[About this exercise]: Output, exactly as written, the lines below from the one that has "York City. Helicopter" through the one that has "Coloriage de bonheur"; nothing else, and no pictures.

──────────

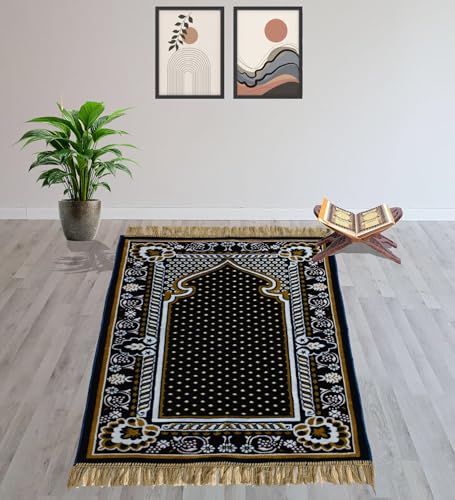 Image of Janamaz Prayer Mat - Turkey Soft Velvet Namaz Mat | Premium Aasan for Daily Salah, Janimaz Namaz, Comfortable & Durable Prayer Mat | 44x27 Inch, (08)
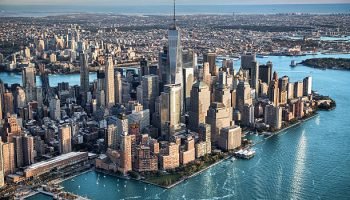 Helicopter point of view of Manhattan island in New York City. Helicopter point of view of Manhattan island in New York City.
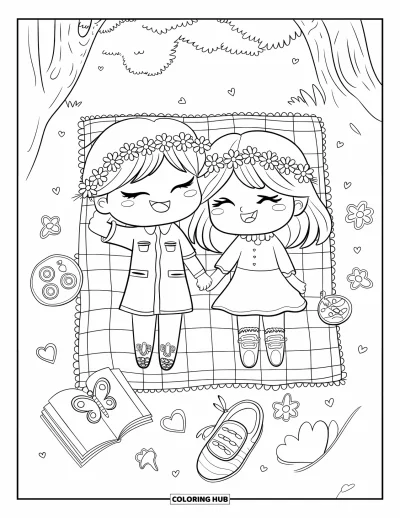 Coloriage de bonheur pour adultes : Un couple chibi se repose paisiblement sous un arbre avec des en-cas, des fleurs et un papillon tout proche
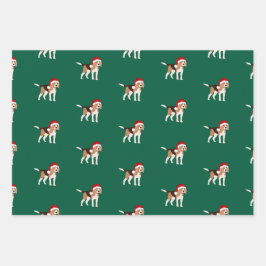 Christmas Beagle Wrapping Paper Sheet Set of 3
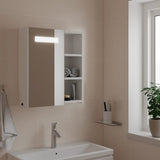 vidaXL Bathroom Cabinet with Mirror and LED 45x13x52 cm White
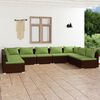 vidaXL 9-delige Loungeset met kussens poly rattan bruin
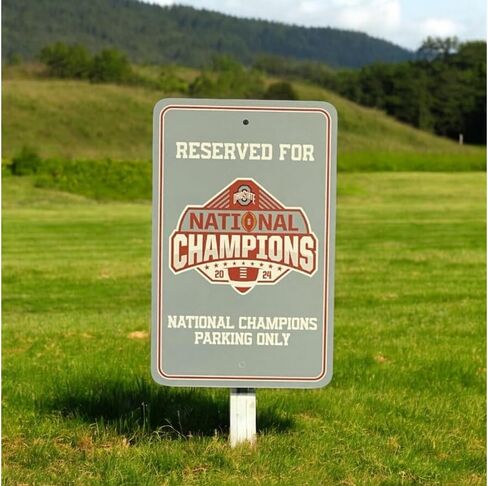 FANMATS Ohio State University Buckeyes - 2024-25 College Football National Champions - Reserved Parking for Fans Only - Official NCAA Plastic Parking Style Sign - Lightweight, Durable, Easy to Hang in Saudi Arabia
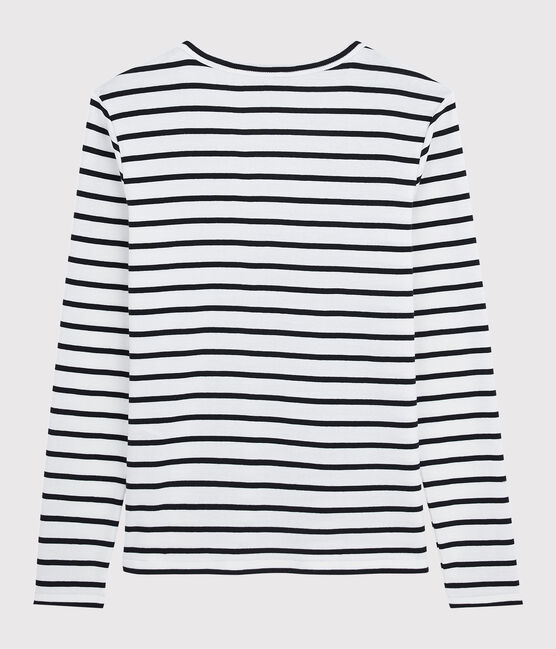 Klassisches Damen-T-Shirt mit V-Ausschnitt aus gestreifter Baumwolle weiss MARSHMALLOW/blau SMOKING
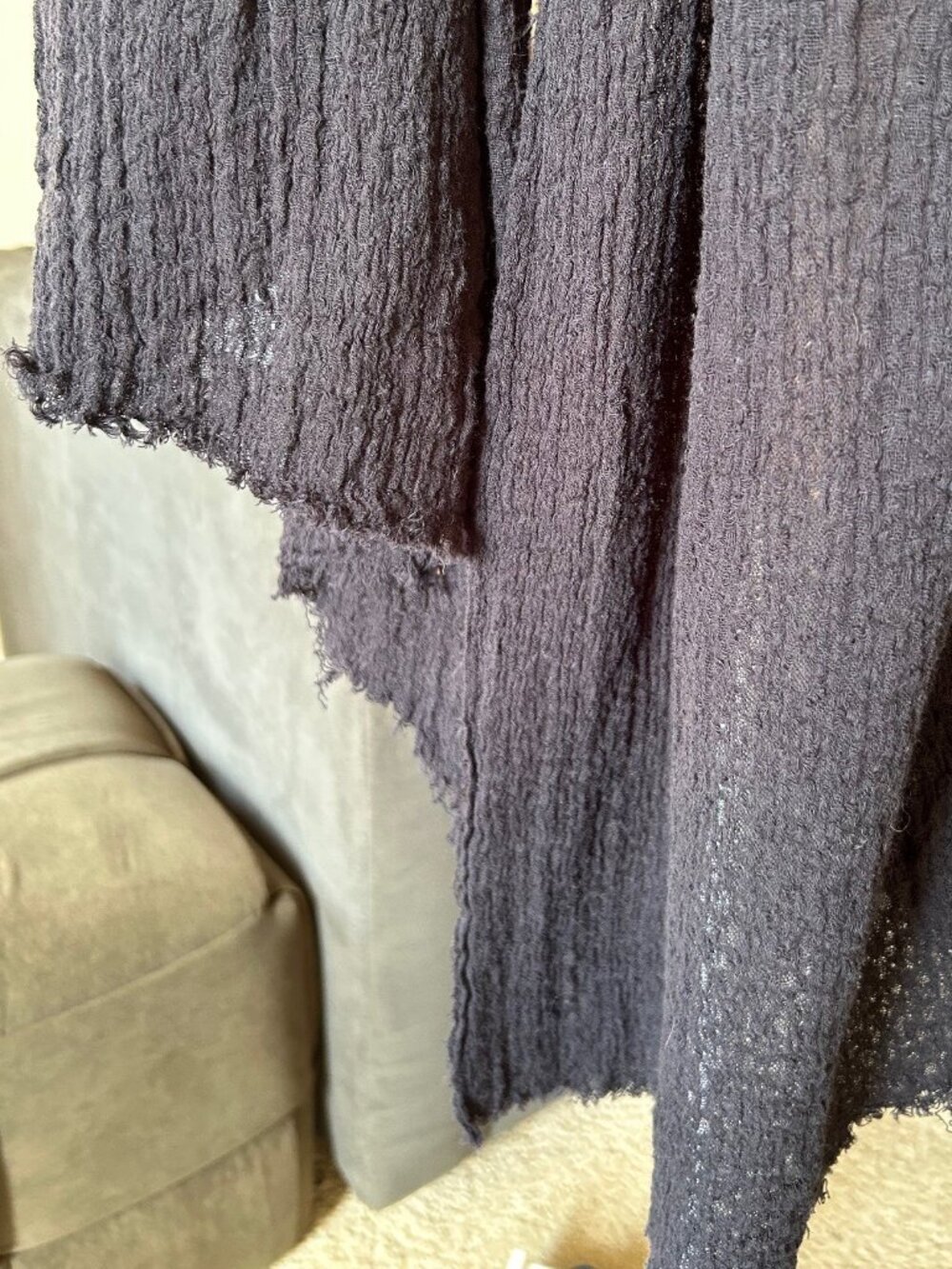 Gauze Black Long Scarf/Wrap EUC - Picture 6 of 7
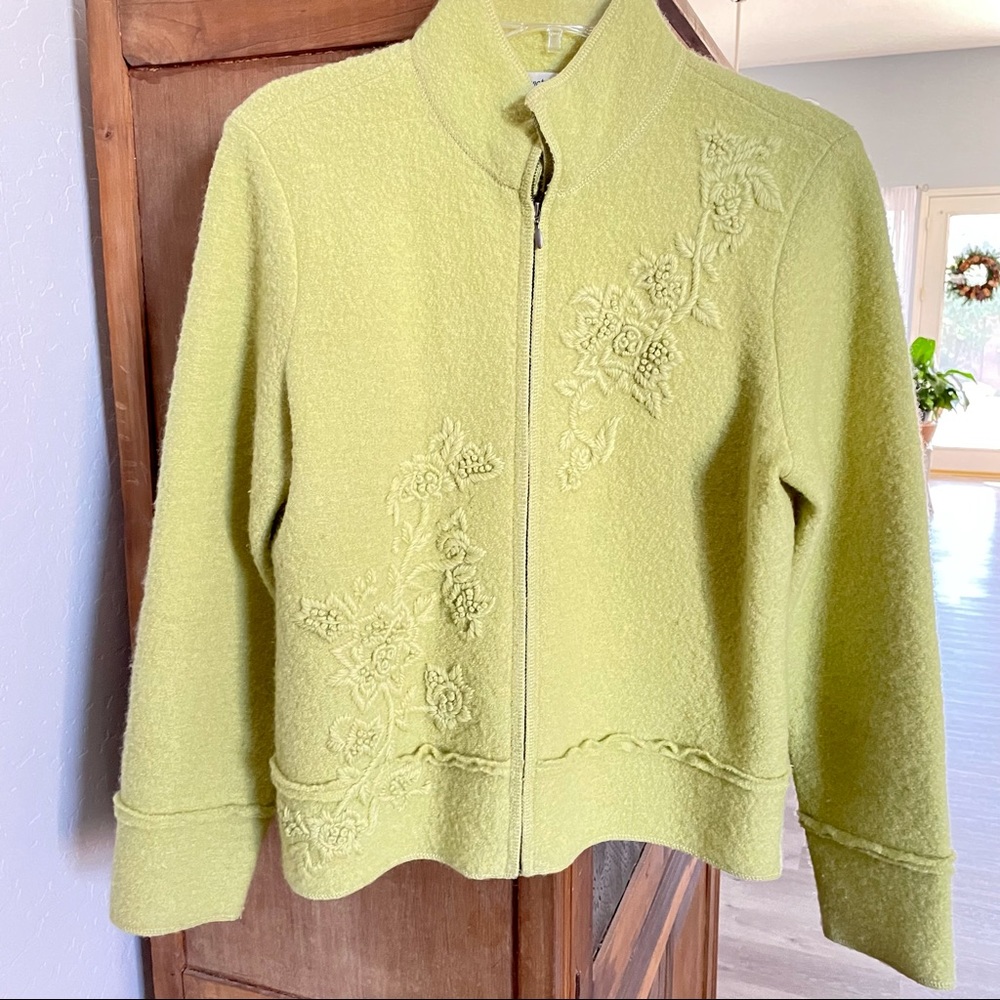 Coldwater Creek Boiled Wool Zip Front Jacket Cardigan Sz M Women’s-Lime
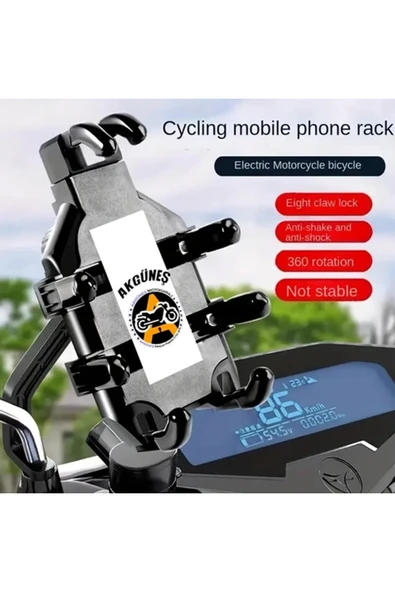 AKGÜNEŞ MOTOGARAJ Akgüneş Titreşim Engelleyicili Ayna Bağlantılı Telefon Tutucu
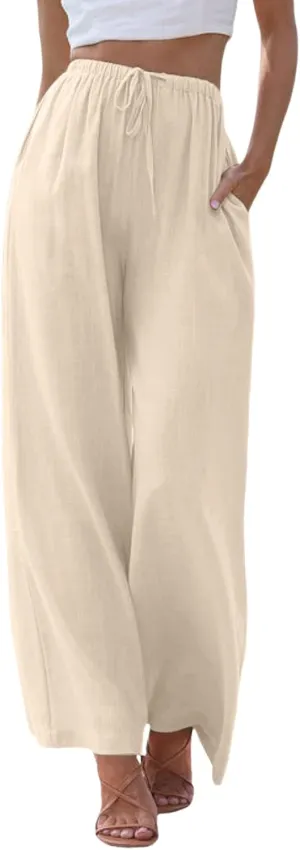 Women Linen Palazzo Pants Winter Satin Sports Jeans with Pockets Fleece Lined Water Resistant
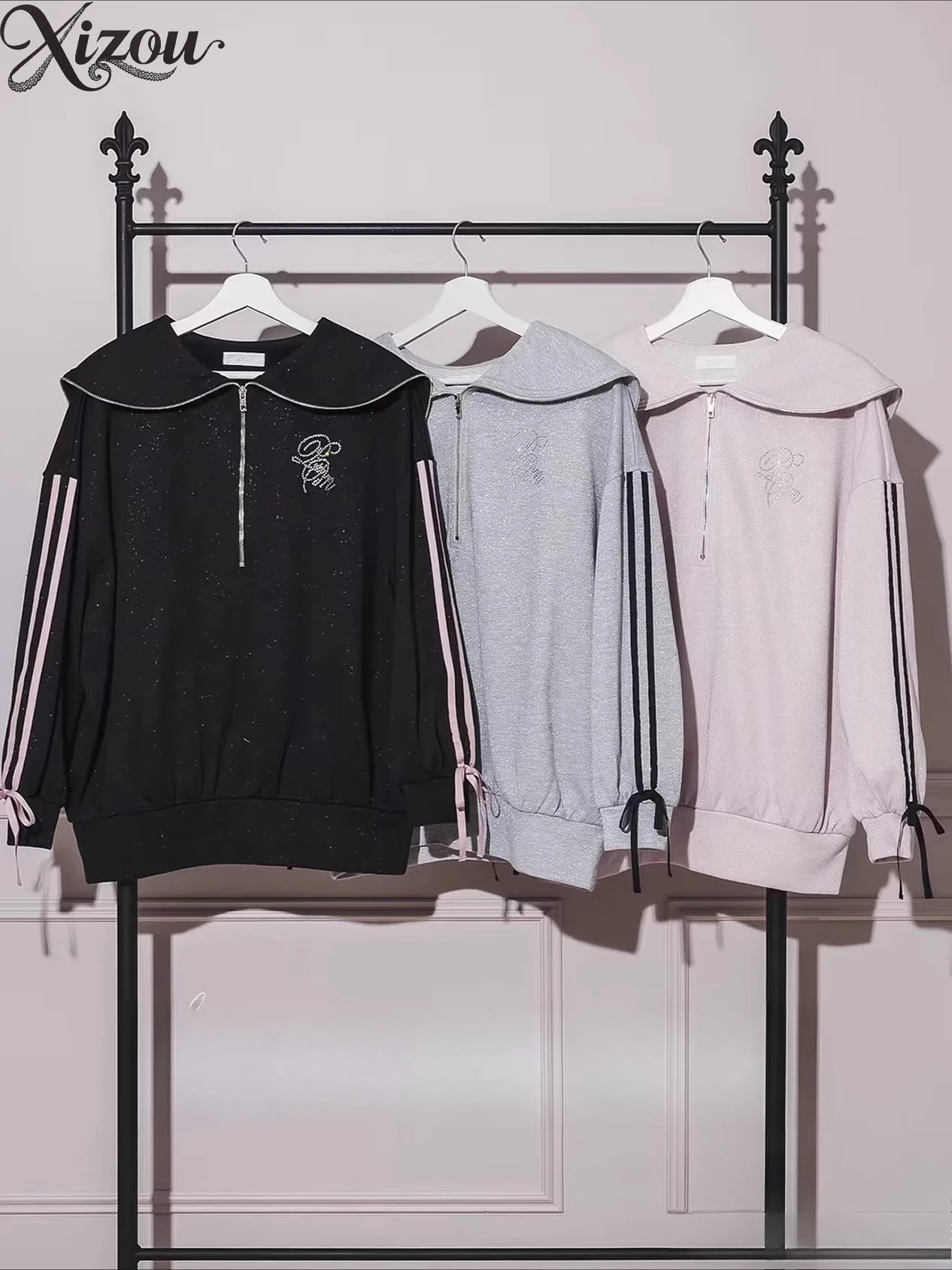 Japanese Y2k Women Hooded Sweatshirt Jacket Loose Zipper Sailor Collar Pink Stripe Sleeves Pink Cute Spring Autumn Sportswear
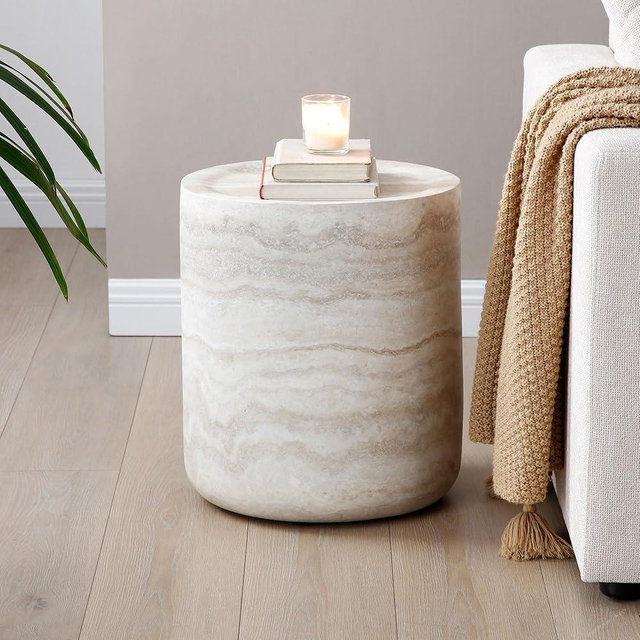 15.74 inch Faux Mars Marble Pattern Coffee Tables for Living Room Round Tea Table for Living Room, No Need Assembly (Mars, 15.74)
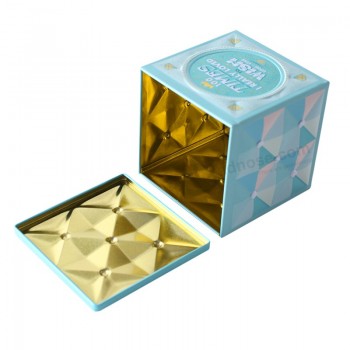 Square Vintage Gift Tin Box for Christmas Promotion
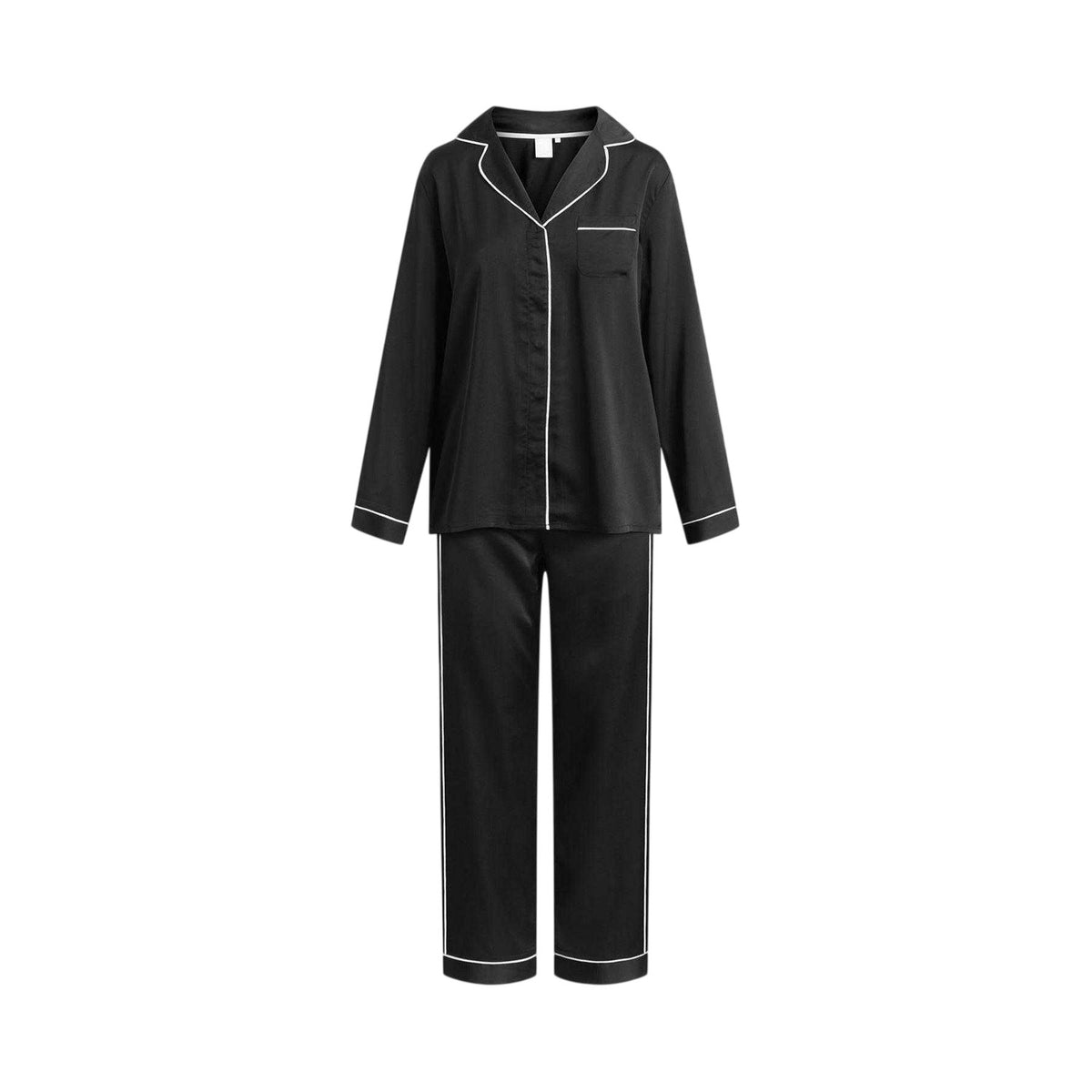 Black - Front - CCDK Copenhagen Womens-Ladies Josephine Piped Recycled Polyester Long Pyjama Set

──────────

[Finished task]:
 Helicopter point of view of Manhattan island in New York City. Helicopter point of view of Manhattan island in New York City.
 Coloriage de bonheur pour adultes : Un couple chibi se repose paisiblement sous un arbre avec des en-cas, des fleurs et un papillon tout proche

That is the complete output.